Open Access
Issue
Climatologie
Volume 9, 2012
Climats et changement climatique dans les villes
Page(s) S7 - S10
DOI https://doi.org/10.4267/climatologie.646
Published online 09 October 2015

Le XXème siècle est celui de l’urbanisation. Ce processus a commencé plus tôt en Amérique du Nord et en Europe, à l’exemple des villes françaises. Trois Français sur quatre habitent aujourd’hui en zone urbaine. Cette population urbaine s’est révélée particulièrement vulnérable aux aléas climatiques extrêmes. Les conséquences sanitaires désastreuses des vagues de chaleur1 ayant récemment affecté l’Europe et, singulièrement le territoire français, en sont la triste démonstration2.

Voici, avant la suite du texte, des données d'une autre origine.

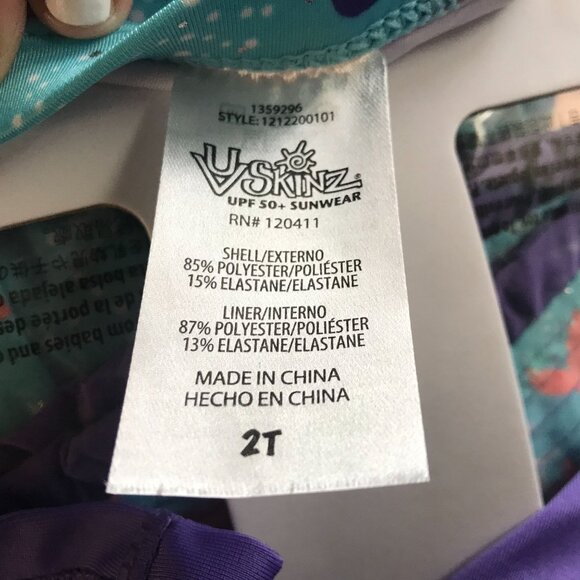 UV SKINS - GIRLS 2T - BLUE & PURPLE 3 PIECE UPF 50-+ SWIM SET SHADE SUN SHIRT - Picture 5 of 5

En 2020, 60% de l’humanité sera citadine. Ce processus d’urbanisation désormais planétaire, pose aux citadins et aux acteurs de la gouvernance urbaine des pays émergents et des Suds, les mêmes défis climatiques que dans les pays du Nord.

Le domaine de recherche axé sur les climats et le changement climatique dans les villes constitue donc un enjeu socio-environnemental de premier plan pour définir et rendre effective les politiques territoriales visant à promouvoir un développement urbain durable (DUD). En France, l’effort actuel de recherche et de développement consacré au thème des villes durables est considérable. Il inclut fréquemment un volet sur le risque climatique ou l’adaptation au changement climatique3.

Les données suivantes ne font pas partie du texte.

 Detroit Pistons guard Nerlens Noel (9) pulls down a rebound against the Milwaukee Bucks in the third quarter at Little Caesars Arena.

De nombreuses questions s’inscrivent en filigrane des rapports entre climats, changement climatique et villes : qu’observe-t-on sur le plan climatique dans les villes ? Quel signal climatique y détecte-t-on ? Quels sont les facteurs géographiques susceptibles de moduler ce signal climatique ? Comment spatialiser les éléments du climat urbain ? En quoi l’évolution climatique future serait-elle singulière dans les villes en regard du milieu rural ? Comment modéliser le climat urbain et à quelles échelles de temps et d’espace ? Avec quels outils de simulation et quelles observations ? Quels sont les indicateurs permettant de construire une vulnérabilité climatique « critérisée » des villes ? Comment préparer les villes aux impacts du changement climatique ? Quels aménagements urbains faut-il mettre en œuvre pour rendre les villes plus résistantes aux aléas climatiques ? Quels « obstacles » rencontre le « passage à l’action » en matière d’adaptation au changement climatique dans les villes ?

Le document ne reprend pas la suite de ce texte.